I wrote all those years ago that the Democrats were deluding themselves. Those voters weren't just conservatives; they were dyed-in-the-wool Republicans. They'd take a Republican over a Democrat any day of the week, pretty much no matter what the grapevine was saying. All the Democrats were doing was embarrassing themselves, I wrote, and they ought to cut it out. Rutherford won, of course. The Democrats' tactic failed.

I remembered that story when the Sun-Times and the Tribune started publishing "exposés" about how gubernatorial candidate and state Treasurer Rutherford had a habit of staying in the same hotel room or apartment with his male travel aide on some government and political trips.

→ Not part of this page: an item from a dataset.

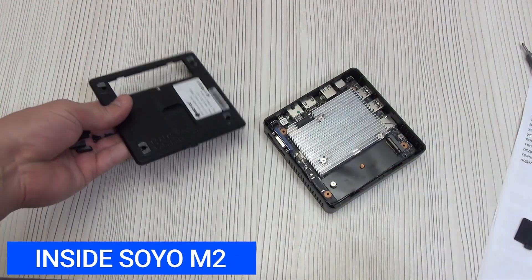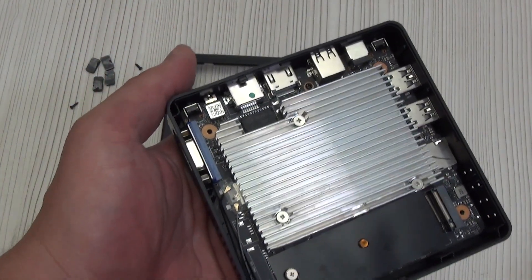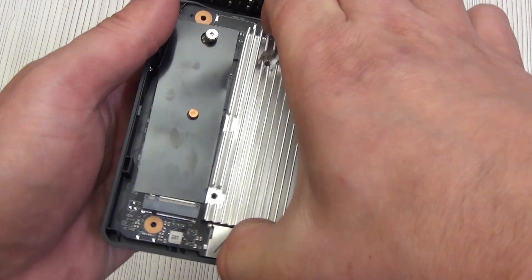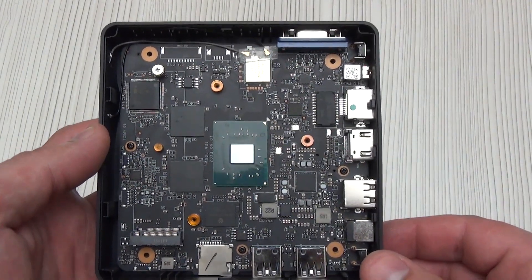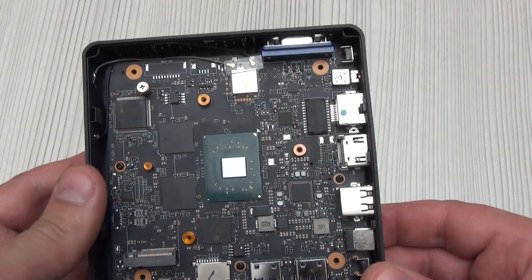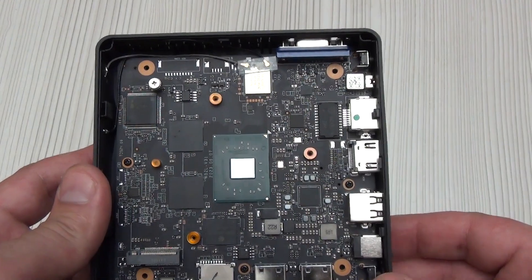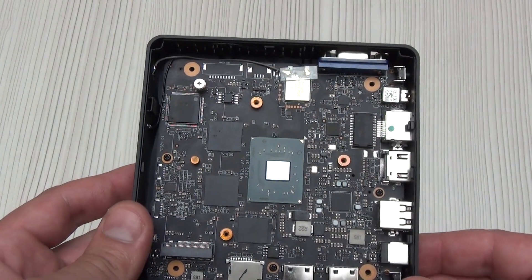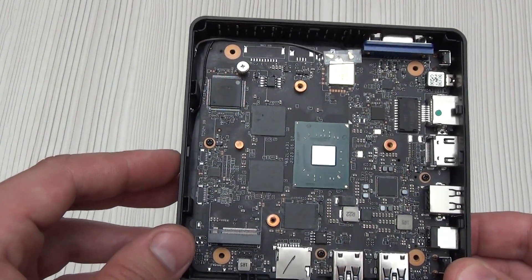Peeling off the rubber feet and unscrewing four screws, the cover is easily removed. Almost all the space is occupied by a large, massive passive cooling radiator secured with three screws and a pressure spring, with a thermal pad between the processor and radiator. On the left side is the ITE-IT8987E chip — a multi-controller Super I/O chip used on laptop motherboards. Its main functions include keyboard control, monitoring system voltages and temperatures, managing peripheral devices, and initializing power supplies when turned on.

These stories served little purpose outside of trying to gin up that very same rumor mill about the candidate. The pieces were almost adolescently prurient in nature.

As with the Democrats 22 years ago, the newspapers never should've done that and should've instead risen above such nonsense.

"There was no money allocated at all before the election of 2010," Governor Pat Quinn told Chicago TV reporter Charles Thomas about allegations that the governor had spent millions in state anti-violence grants to boost his flagging election campaign. Quinn used this to defend himself against growing criticism about a devastating state audit of the anti-violence grants.

But what the governor said was not true.

According to Illinois Auditor General Bill Holland, Quinn's administration signed contracts with 23 local groups on October 15, 2010 - about three weeks before Election Day. Each of the groups, hand-picked by Chicago aldermen, was promised about $300,000 for a total of about $7 million.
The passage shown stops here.